• Task prompt: Look below for the line that contains "Photo 8 from" and the line that contains "Koswork 1:8–1:10 Off-Road", then restate both of them and every line in between, exactly. No picture goes in the copy.

• Data for analysis:
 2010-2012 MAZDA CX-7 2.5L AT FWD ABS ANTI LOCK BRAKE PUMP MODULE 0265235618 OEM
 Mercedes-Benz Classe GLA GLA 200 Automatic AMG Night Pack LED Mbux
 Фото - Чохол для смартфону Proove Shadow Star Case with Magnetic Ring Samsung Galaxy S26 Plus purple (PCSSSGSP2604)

* * *

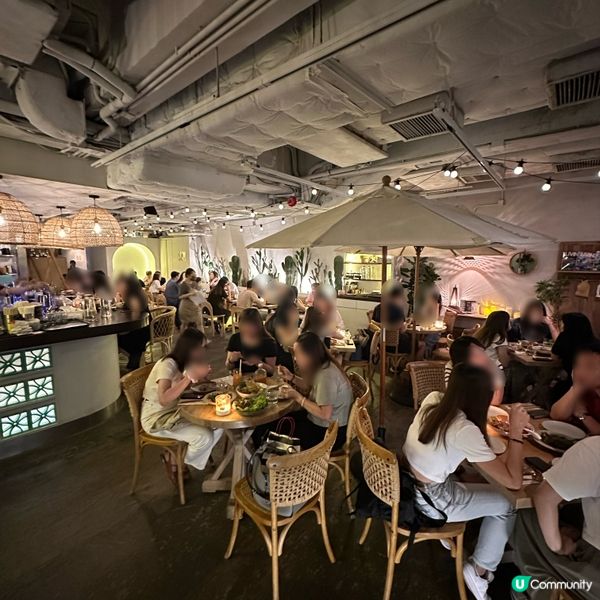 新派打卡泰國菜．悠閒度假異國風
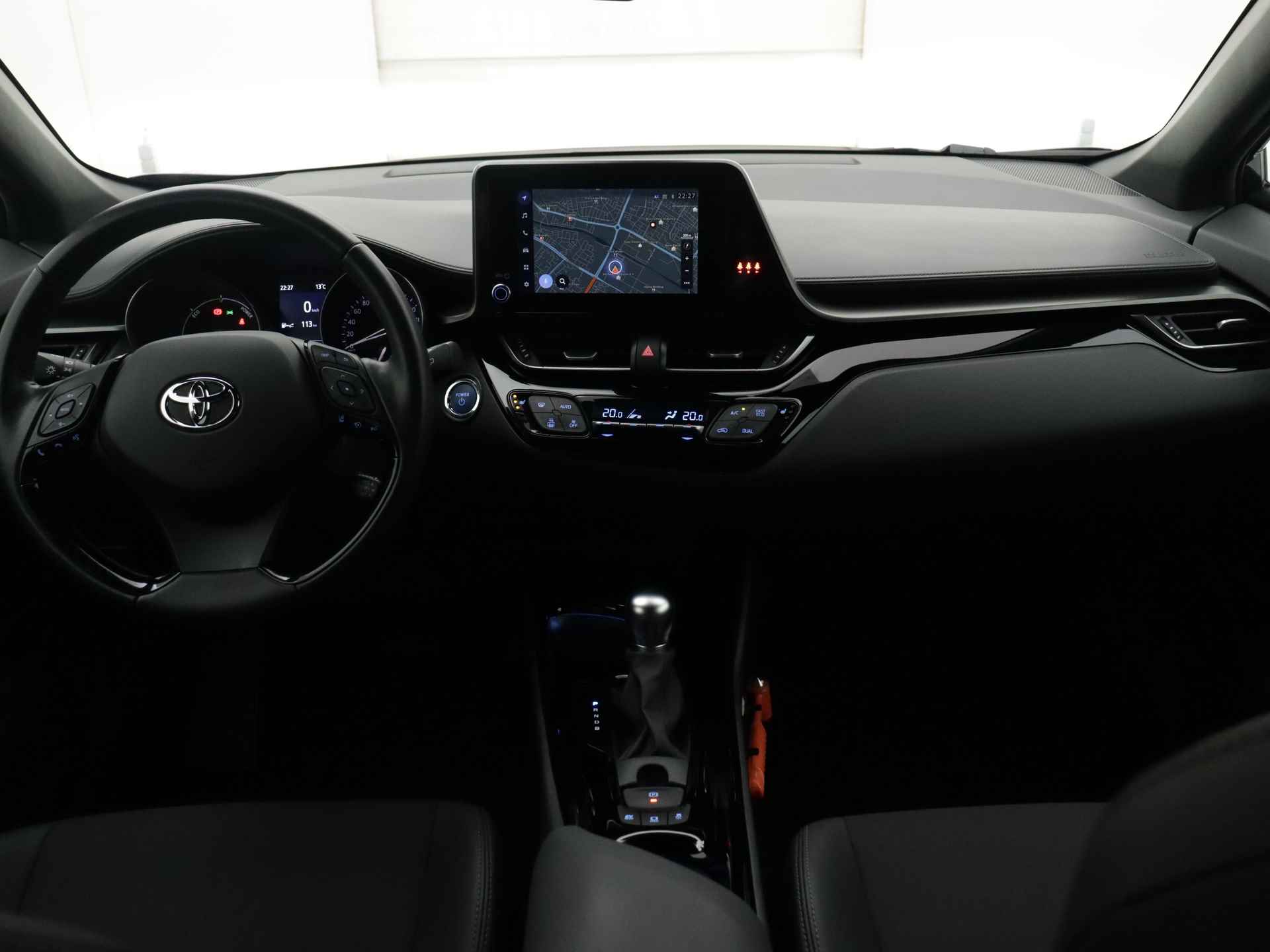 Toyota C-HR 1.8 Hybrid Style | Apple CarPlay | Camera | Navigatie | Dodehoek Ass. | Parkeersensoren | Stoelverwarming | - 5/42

...

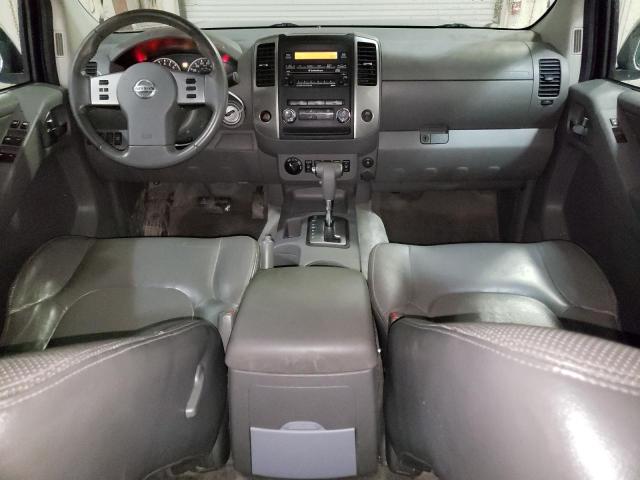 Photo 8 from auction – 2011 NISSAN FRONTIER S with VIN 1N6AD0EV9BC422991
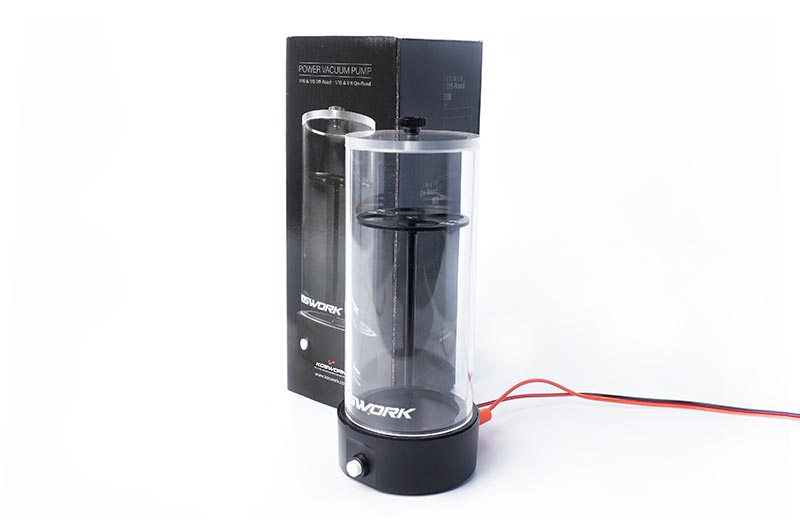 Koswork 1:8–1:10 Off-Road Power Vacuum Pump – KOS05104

• Result below:
 Photo 8 from auction – 2011 NISSAN FRONTIER S with VIN 1N6AD0EV9BC422991
 Koswork 1:8–1:10 Off-Road Power Vacuum Pump – KOS05104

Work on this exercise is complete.